ユダヤ人たちは、イエスに激しい反感を持って「あなたは、こんなことをするからには、どんなしるしをわたしたちに見せるつもりか」と言っています。こんなことをする権威がお前にあるのか、とイエスに詰め寄っているのです。

 それに対してイエスは「この神殿を壊してみよ。三日で建て直してみせる」と答えています。それを聞いたユダヤ人たちは尚更びっくりして、「この神殿は建てるのに四十六年もかかったのに、あなたは三日で建て直すのか」と言っています。

イエスの言う「神殿」とは、イエスご自身のことです。人間の「商売の家」にしてしまっている。それを、神との交わりに生きる本来の場に戻そうとしておられるのです。私たちは今、イエスを通して、イエスの祈りに合わせて、神のみ前に出る事が許されているだけでなく、その神との交わりに生きる恵みさえも与えられているのです。本来あり得ない恵みです。「三日」という言葉は、イエスの復活を指し示しています。イエスの死と復活によって、新しい礼拝、まことの礼拝が確立しました。イエスという真の神殿が私たちに与えられています。もはや犠牲の動物を捧げる必要もありません。むしろ、あるがままの私たちを捧げるところに意味があります。

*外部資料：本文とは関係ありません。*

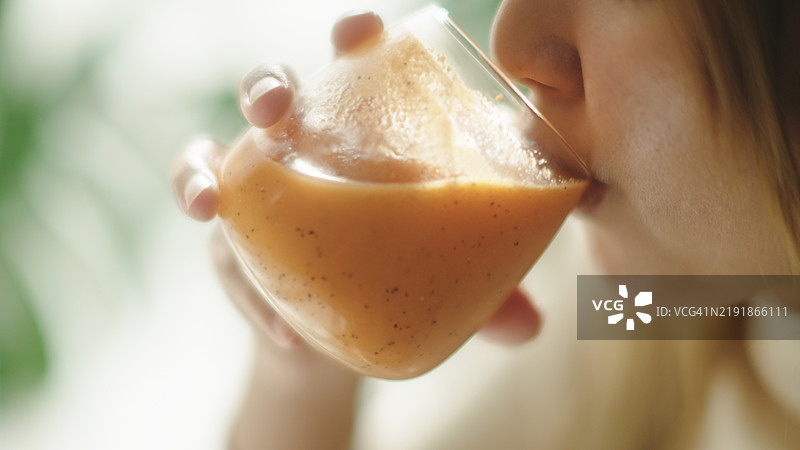 女人在喝果昔汁。图片素材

イエスはご自分のからだを通して、新しいまことの神殿である「教会」を打ち立てて下さいました。ですから、教会はキリストの体とも呼ばれます。教会は、復活されたイエスが生きておられるところです。そのイエスのもとに呼び集められ、その救いにあずかり、イエスと結び合わされた人々の集まりが教会なのです。私たちは、洗礼を受けることによってその教会の一員となります。洗礼は、私たちがイエスの十字架の死と一つとなることによって罪から解放され、復活されたキリストの体の一部分として、新しい命、永遠の命を生き始める最初の恵みです。イエスの十字架の死と復活、そして聖霊の働きによって、キリストの体である教会がこの地上に築かれたのです。

 このことを弟子たちが信じることができたのは、教会の信仰に委ねて生きる人々の存在があってのことでした。私たちも、いまその教会の中で、世界中の人々と結ばれながら祈っています。教会の信仰が先にあるからこそ私たちは、様々な不条理の中にありながらも、信じる恵みを頂き、イエスと共に新たに生き始めるのです。

イエスは、この話しを過越祭が近づく中、エルサレムの神殿において語られました。過越祭は、エジプトで奴隷とされていたイスラエルの民を主が解放し、エジプトから脱出させて下さった時の主なる神の救いのみ業に由来しています。主の使いがエジプトの全ての初子を打つという恐るべきみ業をなさり、それによってイスラエルの民は解放されました。その時、イスラエルの初子は一人も打ち殺されることはありませんでした。「過越の小羊」の血がイスラエルの民の家の戸口に塗られ、それが目印となって、主の使いはその家を過ぎ越したからです。過越の小羊が犠牲となって死ぬことによって、イスラエルの初子は救われ、民全体が奴隷の苦しみから解放された、そのことを記念するのが過越祭です。このエジプトの奴隷状態からの解放の恵みによって、イスラエルの民は、主なる神の民、主を礼拝しつつ生きる民としての新しい歩みが始まります。

そのことが真の意味で実現したのは、イエス・キリストの十字架の死、そして復活したイエスのもとに教会が結集されることによってです。イエスが十字架につけられたのも、過越祭の時でした。このイエスを見、このイエスから大切な事を学びなさいと、弟子たちは語りました。イエスは私たちのために死んで下さった方です。それによって私たちが救われ、神を礼拝しつつ生きる神の民とされているのです。イエスの十字架の死によって実現したことは私たちの救いです。このイエスが、私たちに与えて礼拝の場が教会です。それは単に建物だけのことではありません。まことの礼拝は、キリストの十字架の死と復活によってこそ打ち立てられるものだからです。御復活に洗礼を受ける方々のために、特に祈りましょう。